The deploy helper now supports --runtime docker and --runtime native, keeps Docker as the default, and adds --web-only, --api-only, --services-only, and --no-build. Documentation now clearly separates fast local development from VPS rollout options.

Changes Made

• Refactored scripts/deploy.ts into shared git/publish logic plus runtime-specific precheck, rollout, and verification paths.
• Fixed the repo-root deploy wrapper to forward flags such as --runtime native through Bun correctly.
• Removed Docker verification’s dependence on hardcoded container names and switched to docker compose exec.
• Added native deployment support that assumes Bun plus systemd-managed units on the VPS.
• Added a new operator guide at deployment/native/README.md.
• Updated README.md to emphasize the preferred fast local loop: Docker infra only, native Bun services, native web dev.
• Updated deployment/docker/README.md to document Docker as the default runtime and show new partial rollout examples.

Context

The repo already separated local infra from application processes: the root docker-compose.yml is infra-only, while services and the web app run through Bun scripts. The old deploy helper still assumed every server rollout was Docker-only. This change makes the deploy workflow match the new operating model: fast native iteration locally, Docker still available in production, and a native VPS path available during transition.

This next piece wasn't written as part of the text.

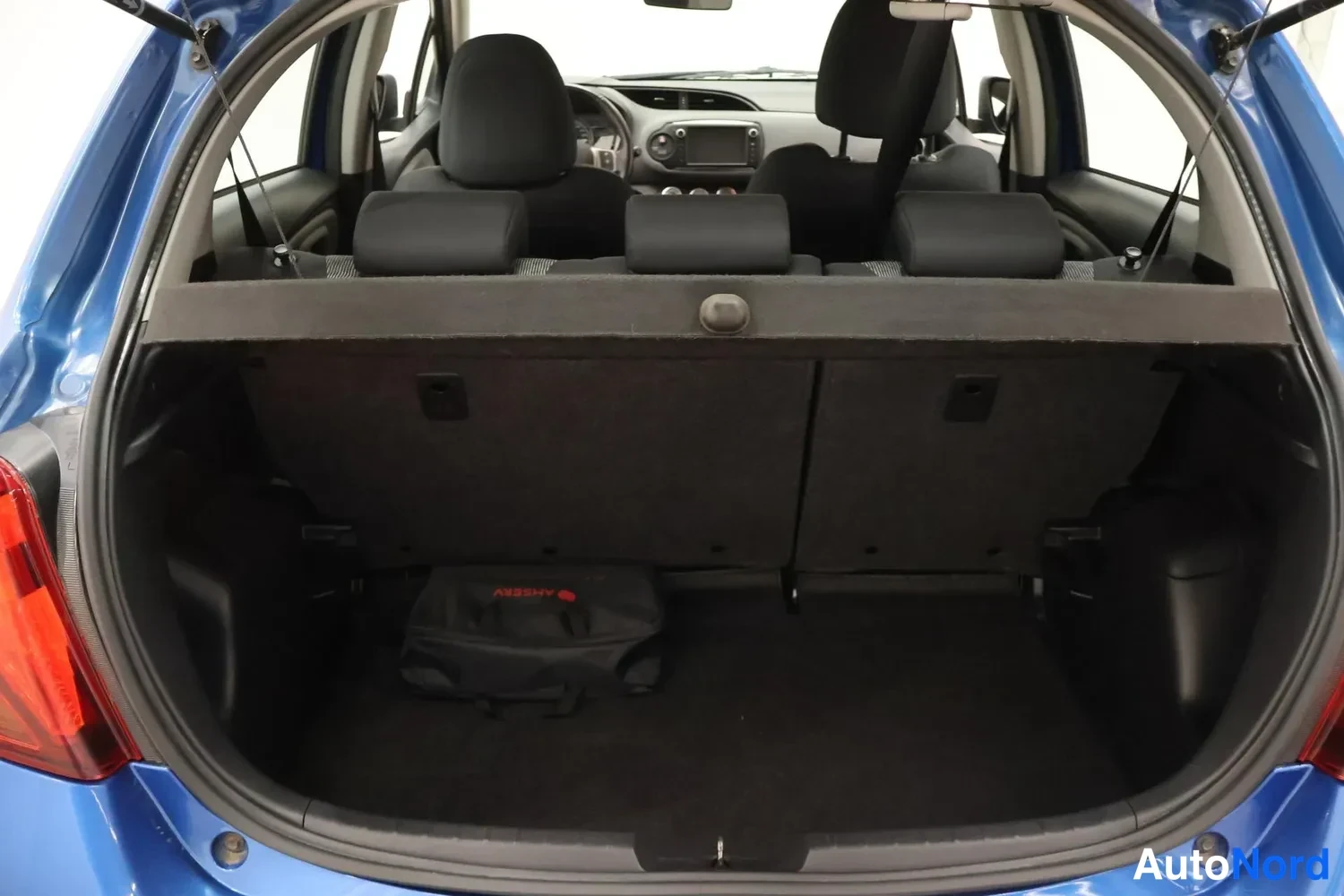 Sininen Toyota Yaris 2015, tavaratila, kuva 12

Important Implementation Details

• Docker remains the default runtime, so ./deploy main still works without extra flags.
• Native rollouts are invoked with ./deploy main --runtime native or ./deploy current-branch --runtime native.
• Partial scopes are mutually exclusive and intentionally simple:

./deploy main --runtime docker --web-only
./deploy main --runtime native --api-only
./deploy current-branch --runtime docker --services-only
./deploy main --runtime native --web-only --no-build

• Docker workspace snapshot validation now runs only when a Docker rollout will build images.
• Native rollouts assume systemd unit names like islandflow-web and islandflow-api, but those names can be overridden with environment variables such as DEPLOY_NATIVE_WEB_UNIT.
• The native path also allows overriding the systemctl wrapper via DEPLOY_NATIVE_SYSTEMCTL_PREFIX, which is useful for systemctl --user setups.

Validation

• Passed: ./deploy --help
• Passed: bun run scripts/deploy.ts --help
• Passed: bun run check:docker-workspace
• Passed: invalid-flag guard for --runtime native --force-recreate
• Passed: conflicting-scope guard for --web-only --api-only

bun run scripts/deploy.ts --help
bun run check:docker-workspace
bun run scripts/deploy.ts main --runtime native --force-recreate
bun run scripts/deploy.ts main --web-only --api-only

Issues, Limitations, and Mitigations

• Native deploys assume server-side systemd units already exist. Mitigation: added deployment/native/README.md documenting expected unit names and override variables.
• Rollback is still manual. Mitigation: both Docker and native docs now frame runtime selection as a transition path, with Docker preserved as a fallback.
• No native service unit files were added in this change. This keeps the scope focused on the deploy workflow itself.
• Public verification still centers on the hosted app URL. API verification remains local-to-runtime unless DEPLOY_PUBLIC_API_HEALTH_URL is configured.

Follow-up Work

• Implementation tracked in islandflow-qh7 is complete for the deploy helper itself.
• Open follow-up: islandflow-38p, add checked-in native deployment unit templates and rollback helpers.